Britain, this is literally the worst idea you've had since you voted to Brexit without a plan and all your leaders resigned (you're really not having a good summer, are you?). Top Gear without a British host is like tea without a biscuit, Doctor Who without a TARDIS, Churchill without a cigar or a Pret a Manger without a queue. It's unspeakably un-British. And in case you haven't noticed, that's what makes us Yanks tune in: Top Gear's Britishness.
I know you think you're playing to our Friends nostalgia by hiring Joey to play the idiot American who doesn't know anything about this foreign country, but trust me, it's not doing you any favors. Chris Evans may have been trying way too hard to fill Jeremy Clarkson's impossible shoes, but at least he made an attempt to keep the format that made Top Gear the most-watched factual show in the world. Granted, most fans are just counting the days until Clarkson, James May and Richard Hammond's The Grand Tour airs on Amazon, but we were willing to give the new hosts a shot. After all, 4.7 million viewers at least gave it the old college try by tuning in, but as the mass failure of the successive shows proved, there was no magic.
You may argue that it was the lack of camaraderie between Evans and LeBlanc, that Evans was reportedly a nightmare to work with or that a show made by and for Clarkson and his acolytes would never be accepted with new hosts. I don't think you'd be wrong, but I also don't think it's the whole story. If there's anything to be learned from this, it's that worldwide audiences not only tuned in weekly for the fast cars but for that hearty dose of the old British lads acting like rotten schoolboys that pandered to Clarkson, May and Hammond's charisma. For a nation that just asserted it wants to be nothing but British these days, there's no great surprise that Top Gear's cheeky winks and nods to British imperialism and mid-century nostalgia were a key draw for its huge viewership. What makes Top Gear great is that it is unapologetically British and proud of it — even when it's drooling over Italian cars and Swiss roads.

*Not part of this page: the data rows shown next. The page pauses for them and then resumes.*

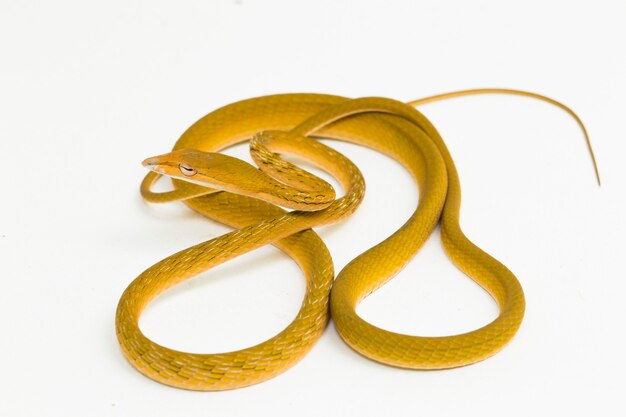 Yellow Asian vine snake hypo Ahaetulla prasina isolated on white background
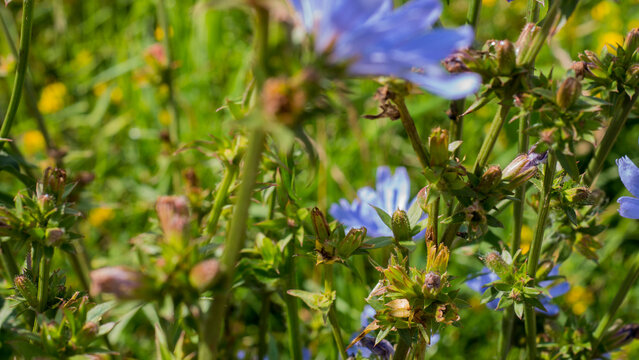 Chicory Cichorium intybus in Flower and Bud on Wiry Roadside Stems in Summer Sun &mdash; Concept: Coffee Substitute and Gut Health Crop, Ruderal Roadside Ecology, Blue Wildflower Detail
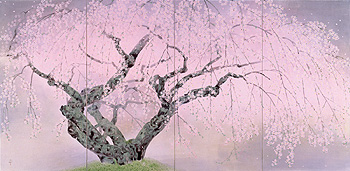 中島千波 《夢殿の枝垂桜》 1992年　寄託作品
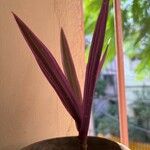 Tradescantia spathacea ഇല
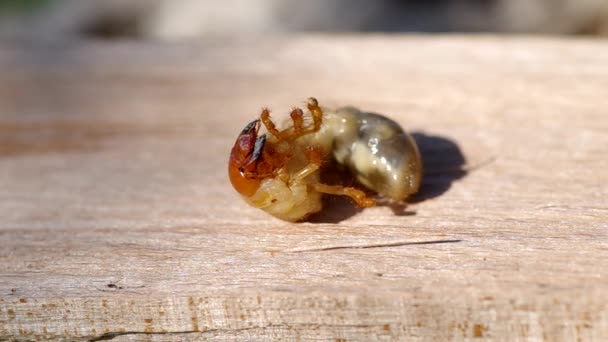 Larva de cockchafer — Vídeo de stock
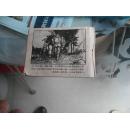 大闹望海站（无后封皮）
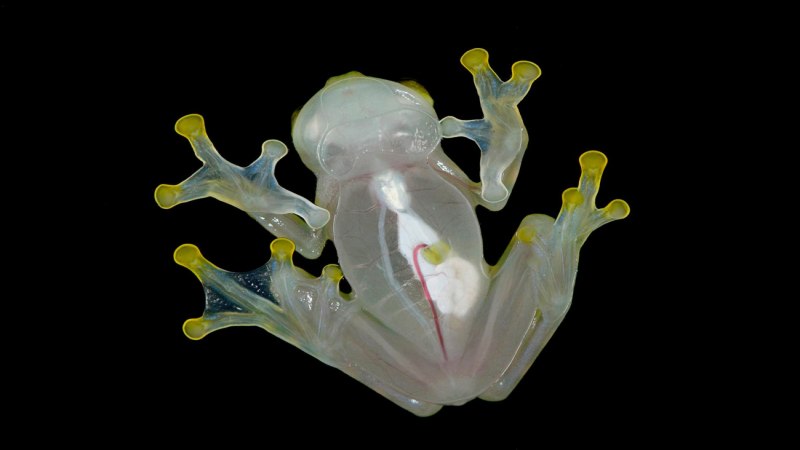 Hyalinobatrachium pellucidum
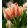 Tulipa Quebec - Tulipán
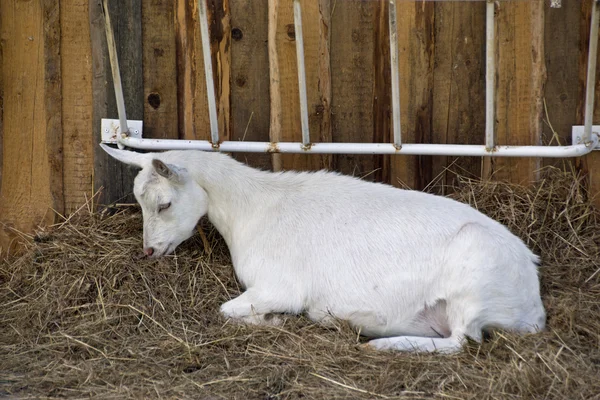 White goat — Stock Photo, Image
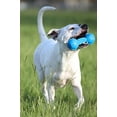 thumbnail image 2 of Juguete para Masticar Nerf Dog Azul Mediano, 2 of 6
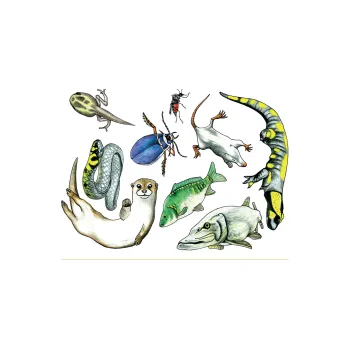 Výuková hračka Didaktická dokládačka POD HLADINOU NAD HLADINOU 174-66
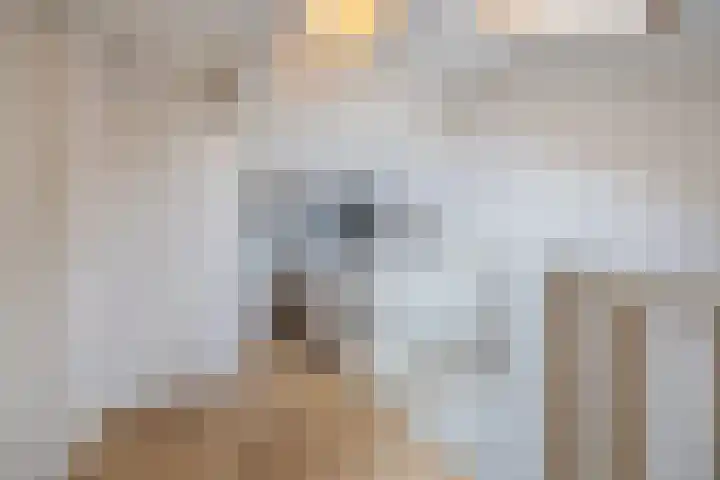 Ericastraat 25 Zwijndrecht thumbnail 39
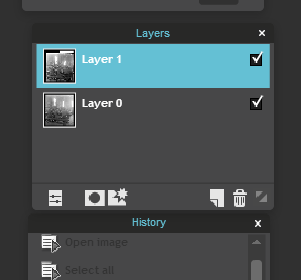 Close up of the layers tool bar with the layer 1 selected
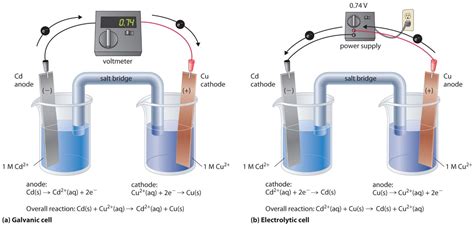 Image result for Electrolytic Cell Anode Cathode
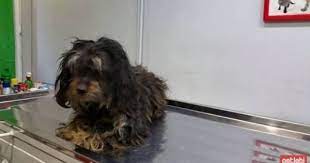 ucretsiz kopek sahiplenme ilanlari kopek yavru kopek kedi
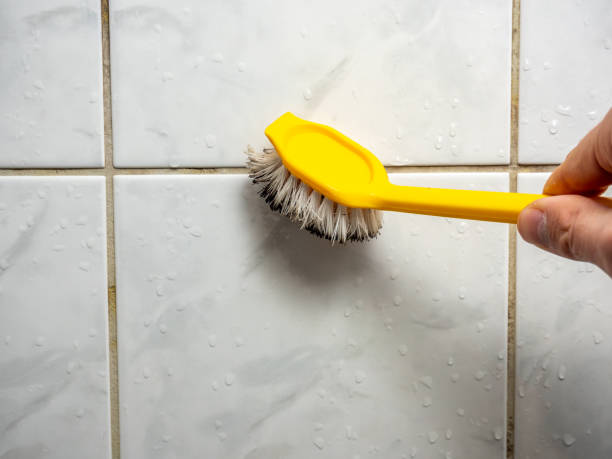 Best Same-Day Mold Removal  in Fairmead, CA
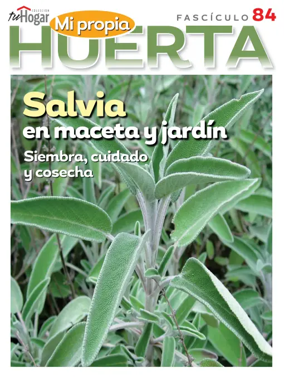Cover of Huerta en casa
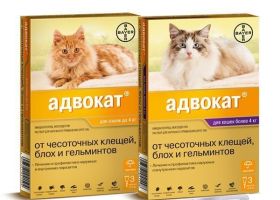 Капли Адвокат на холку для кошек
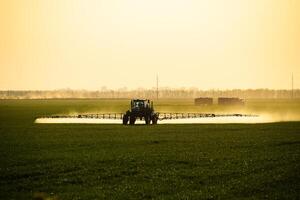 trator com a Socorro do uma pulverizador sprays líquido fertilizantes em jovem trigo dentro a campo. foto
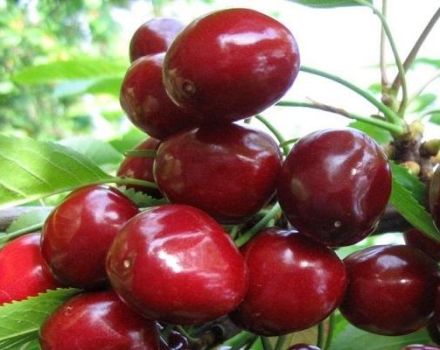 Popis a vlastnosti odrůdy třešní Melitopol, jemnosti pěstování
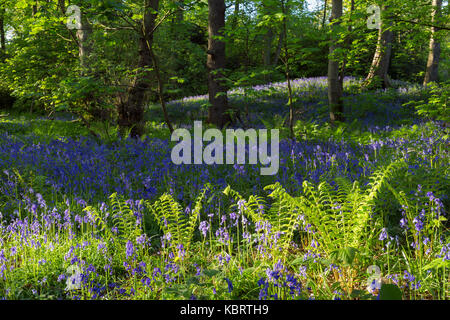 Gemeinsame Bluebells (Hyacinthoides nonscripta) und Adlerfarn, in Wäldern Lebensraum, (Fagus sylvatica), Middleton Woods, Ilkley, West Yorkshire, England, kann Stockfoto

To then hand over the reins exclusively to an American, especially a highly irrelevant one such as 2016 Matt LeBlanc, is to say good-bye to everything that made the show beloved. It's a risky move to give Top Gear to someone who spent his first foray into hosting staring blankly at British city names and seeming disdainful of everything about the country, its cars and its culture. The same antics done by Americans falls flat without the dry humor, the infusion of intelligent insight and the innate stiff-upper-lip cheekiness. If you need proof, just look at the canceled Top Gear USA, which never managed to find a niche here. LeBlanc, with his blank stares, sleep-inducing voiceovers and seeming complete disinterest in even hosting the show, is sure to turn an already foundering ship into the Titanic as soon as he takes the helm.
So, I beseech the BBC to start over. Remake Top Gear into something altogether new, with new hosts, gimmicks and stunts. Shape it to fit a post-Brexit world where the nation is half imperialistic, half deeply ashamed, but still determinedly British. Don't cater to American audiences — if our binge lists filled with Downton Abbey, Sherlock, Broadchurch and The Great British Bake Off and the Prince Harry posters taped to our walls are any indication, we are all in on the Britishness.